On Sun, Sep 14, 2025 at 2:22 PM Mikael Öhman <micket...@gmail.com> wrote:

> Hi all
>
> Yes, there was also a similar O(n^2) bug caused by indentation (in
> lsblk_all if i recall correctly). That time it took well over
> 15 minutes for me to run through it, so it was even worse.
> This time, it's not quite such a subtle bug.
>
> I plan to write up a bug report on this with the details, I just got my
> bug tracker account approved.
>
> I suspect only users with large jbods + multipath would see this issue as
> bad as I do.
> If I didn't have multipath devices that caused re-triggering the expensive
> "disk.get_devices()" repeatedly, it would "only" have taken me an extra
> ~30 seconds to launch an OSD daemon. Not good, but it would be well within
> the systemd timeout and wouldn't break the daemon completely. It's slow
> because "ceph-volume activate" also attempts to find raw devices before
> proceeding to lvm.
>
> The change was introduced in https://github.com/ceph/ceph/pull/60395  and
> I can confirm from
> https://github.com/ceph/ceph/blob/v19.2.2/src/ceph-volume/ceph_volume/devices/raw/list.py
> it does not have the specific problematic code.
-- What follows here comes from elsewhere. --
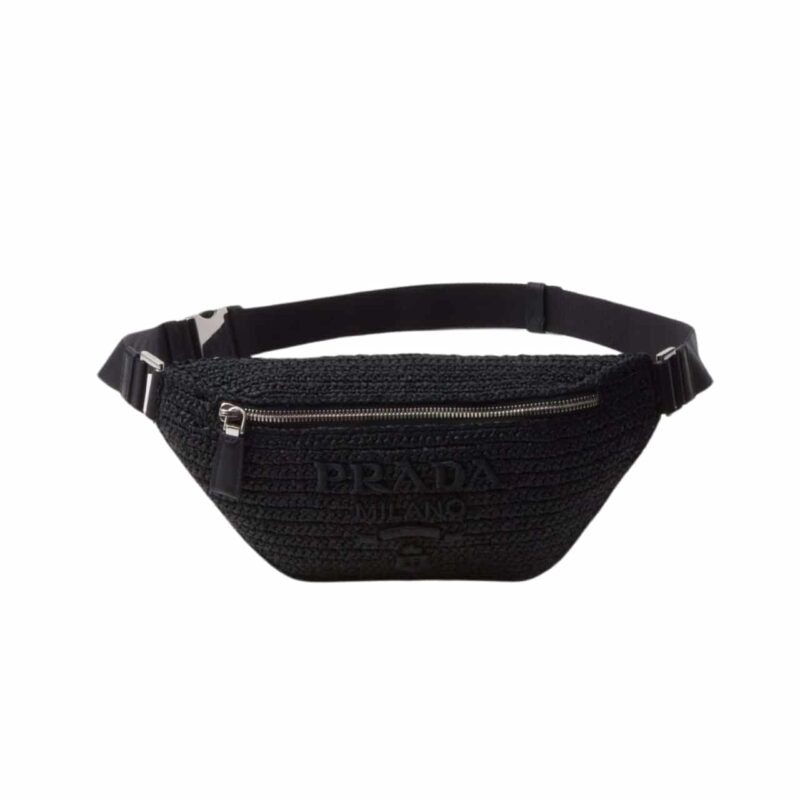 PRADA CROCHET BELT BAG BLACK 30CM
In 19.2.2 it's still
> technically O(n^2) but since it uses a local info_devices variable that's
> just generated once, it won't have the multipath issue that makes it 10x
> worse.
>
> https://github.com/ceph/ceph/blob/v19.2.2/src/ceph-volume/ceph_volume/devices/raw/list.py
>
> I worked around this problem by setting up a little container mirror
> locally where i monkeypatched out the raw part from ceph-volume activate.
> Dockerfile:
> FROM quay.io/ceph/ceph:v19.2.3
> RUN sed -i '46,52d'
> /usr/lib/python3.9/site-packages/ceph_volume/activate/main.py
>
> which just deletes the "first try raw" section from ceph-volume activate:
>
> https://github.com/ceph/ceph/blob/50d6a3d454763cea76ca45a846cde9702364c773/src/ceph-volume/ceph_volume/activate/main.py#L46-L52
> since like all recommended setups these days I use LVMs for all devices (I
> don't understand why one must try raw first)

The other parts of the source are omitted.